ARE THE RAINS A DISASTER?
ARE THE RAINS A DISASTER?
The balances of the world continue to change and deteriorate with the effects of human beings. The increase in average temperatures with global warming and the fires ignited by people unconsciously cause forest fires. As a result of forest fires, large areas burn, natural life dies and vegetation is destroyed. Although states and non-governmental organizations try to regenerate the destroyed vegetation, this takes many years. Unconscious tree cutting and urbanization also threaten vegetation and forests.
Well, if we ask what happened with the destruction of vegetation and forests, some of us will say that the houses of the birds have disappeared, and some of us will probably raise their voices because the bees can no longer make honey… but if only everything were that simple? We just want to talk to you about one thing, with the disappearance of vegetation and forests. Erosion!!!
Erosion is also known as soil erosion. When the soil is deprived of its protective cover, the soil is eroded by the effect of water and wind, and the soil is transported from one place to another. Erosion is one of the biggest reasons why floods and rain water cannot be prevented.
Of course, floods threaten cities, economies and even human life as well as threatening and damaging natural life. There is another important issue negatively affected by uncontrollable rain waters and floods; Rutgers research shows that rainwater can be a major source of plastic pollution. How?
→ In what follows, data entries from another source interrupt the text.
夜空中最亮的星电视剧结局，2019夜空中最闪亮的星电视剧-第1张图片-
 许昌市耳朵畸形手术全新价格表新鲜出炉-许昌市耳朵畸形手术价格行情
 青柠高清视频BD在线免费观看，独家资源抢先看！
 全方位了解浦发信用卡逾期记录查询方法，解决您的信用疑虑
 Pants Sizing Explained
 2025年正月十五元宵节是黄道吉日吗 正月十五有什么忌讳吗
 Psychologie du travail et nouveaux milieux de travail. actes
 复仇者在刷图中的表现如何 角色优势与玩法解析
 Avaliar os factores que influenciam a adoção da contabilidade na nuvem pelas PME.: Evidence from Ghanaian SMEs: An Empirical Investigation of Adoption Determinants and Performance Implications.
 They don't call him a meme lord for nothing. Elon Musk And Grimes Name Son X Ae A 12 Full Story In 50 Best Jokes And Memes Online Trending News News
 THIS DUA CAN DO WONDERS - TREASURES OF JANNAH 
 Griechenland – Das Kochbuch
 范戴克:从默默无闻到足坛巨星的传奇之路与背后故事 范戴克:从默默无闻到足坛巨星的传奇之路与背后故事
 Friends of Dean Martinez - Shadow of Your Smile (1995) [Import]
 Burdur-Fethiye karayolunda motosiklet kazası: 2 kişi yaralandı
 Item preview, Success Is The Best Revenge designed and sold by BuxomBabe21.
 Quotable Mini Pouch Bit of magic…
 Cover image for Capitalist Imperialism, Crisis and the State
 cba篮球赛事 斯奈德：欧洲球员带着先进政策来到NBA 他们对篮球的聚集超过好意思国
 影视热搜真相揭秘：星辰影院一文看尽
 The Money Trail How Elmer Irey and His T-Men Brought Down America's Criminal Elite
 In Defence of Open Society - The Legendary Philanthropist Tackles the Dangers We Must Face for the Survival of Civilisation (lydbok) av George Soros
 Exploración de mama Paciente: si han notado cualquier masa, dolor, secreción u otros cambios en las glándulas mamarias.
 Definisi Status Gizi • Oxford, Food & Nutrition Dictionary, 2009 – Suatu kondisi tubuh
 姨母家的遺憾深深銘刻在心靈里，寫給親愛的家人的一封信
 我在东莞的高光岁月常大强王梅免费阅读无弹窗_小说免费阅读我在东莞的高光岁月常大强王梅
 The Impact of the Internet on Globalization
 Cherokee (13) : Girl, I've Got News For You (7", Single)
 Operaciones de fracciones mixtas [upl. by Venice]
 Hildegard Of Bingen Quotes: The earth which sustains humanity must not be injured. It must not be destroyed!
Rutgers University scientists have determined in their research that rainwater can be an important source of plastics that affect oceans, bays, rivers and other waters. “Storm water, an under-studied way for microplastics to enter waterways, had similar or higher concentrations of plastics compared to effluent from wastewater treatment plants,” said Nicole Fahrenfeld. The Rutgers team collected water samples during a relatively dry period in July 2018 and after heavy rain in April 2019. He also collected samples of wastewater, wastewater discharges and rainwater entering the treatment plants. The highest levels of microplastics, ranging from two percent of an inch to a tenth of an inch, were observed during summer low-flow conditions at the mouth of the Raritan River, according to the study published in the journal Chemosphere. Higher concentrations of smaller microplastics collected from the Atlantic Ocean off Raritan Bay and New Jersey likely came from the Hudson River, according to Fahrenfeld.
We urgently need to stop throwing plastic into nature. We must continue to recycle plastics. We should personally support recycling. Otherwise, rain and floods will continue to carry the plastic bottle wandering on the street to the rivers and then to the oceans, and will continue to carry it at full speed. There are many things to do to stop floods and control stormwater, and everyone already knows what to do. We should plant trees, protect our forests, not cut trees randomly, and not build concrete buildings on every land we find, as we please. In summary, we must respect nature, because nature has already begun to take revenge.